Un’ulteriore precisazione riguarda il prefisso del numero di identificazione IVA “XI” per i soggetti stabiliti in Irlanda del Nord. Con Determinazione AD 15 febbraio 2021 n. 46832/RU, adottata di concerto con l’AE e d’intesa con l’Istituto Nazionale di Statistica, infatti, sono state aggiornate le istruzioni per l’uso e la compilazione degli elenchi riepilogativi delle cessioni e degli acquisti intracomunitari di beni e dei servizi resi e ricevuti (modelli Intrastat).
I riflessi in SAP
Gli interventi conseguenti da fare in SAP, sono i seguenti. Si tratta ovviamente di indicazioni orientative e come sempre va fatta una analisi caso per caso.
- Si potrà continuare ad utilizzare i codici IVA già presenti per le esportazioni e importazioni e relativi Tipi Documento. Il resto ne consegue automaticamente in merito a sezionali IVA, esterometro, registrazione bolletta doganale per le merci ed autofatture per i servizi.
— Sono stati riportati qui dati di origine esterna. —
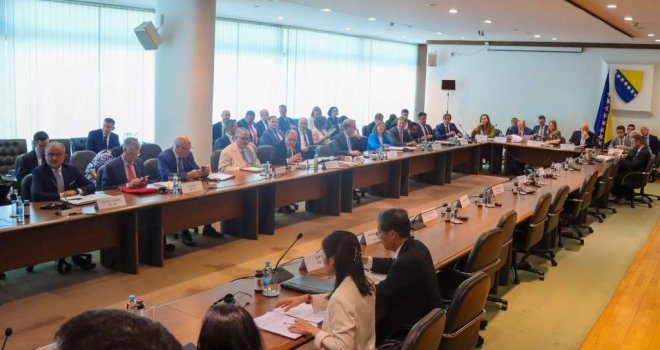 Počeo sastanak predsjednika političkih stranaka sa članovima PIC-a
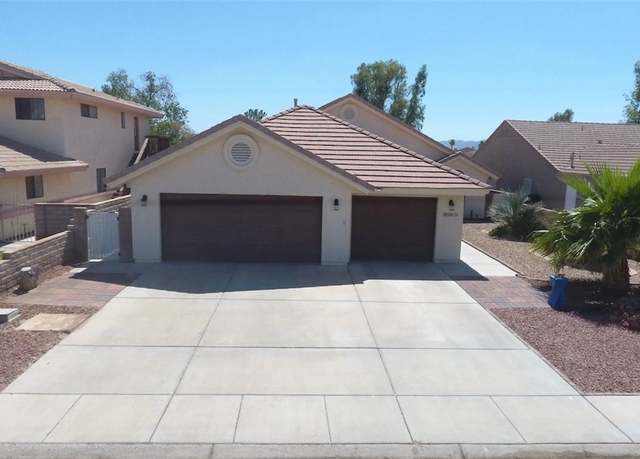 Property at 2881 Country Club Plz, Bullhead City, AZ 86442, 4 beds, 2.5 baths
- Le partita IVA dei partners residenti in Irlanda del Nord devono essere modificate con la sostituzione del codice Paese: da GB a XI in tabella T001Z
- Modifiche dovranno essere apportate per le dichiarazioni Intrastat per operazioni verso l’Irlanda del Norda seguito della detta variazione della partita Iva Comunitaria.
- Bonifici SEPA. La Nota SAP 2768412 suggerisce le seguenti azioni in merito: “…in base alla decisione del Consiglio europeo dei pagamenti (EPC), il Regno Unito rimarrà nel sistema AUPE. … Tuttavia, una certa agevolazione per i trasferimenti di fondi all’interno dell’UE non sarà più applicabile.
Per la trattazione esaustiva del tema, consiglio la lettura integrale della citata Nota OSS ed altre note ivi richiamate.